**Dataset content**:
:::

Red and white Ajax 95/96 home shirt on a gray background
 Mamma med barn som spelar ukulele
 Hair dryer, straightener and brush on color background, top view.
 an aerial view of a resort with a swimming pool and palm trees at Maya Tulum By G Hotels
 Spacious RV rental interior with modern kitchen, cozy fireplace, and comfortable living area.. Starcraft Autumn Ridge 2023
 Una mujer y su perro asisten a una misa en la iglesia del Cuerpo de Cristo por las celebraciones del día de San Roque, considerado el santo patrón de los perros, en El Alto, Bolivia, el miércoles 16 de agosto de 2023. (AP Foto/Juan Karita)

:::

**Exercise directions**: Filter the entries down to the lines with the word "view" in them.

**Solved problem**:
 Hair dryer, straightener and brush on color background, top view.
 an aerial view of a resort with a swimming pool and palm trees at Maya Tulum By G Hotels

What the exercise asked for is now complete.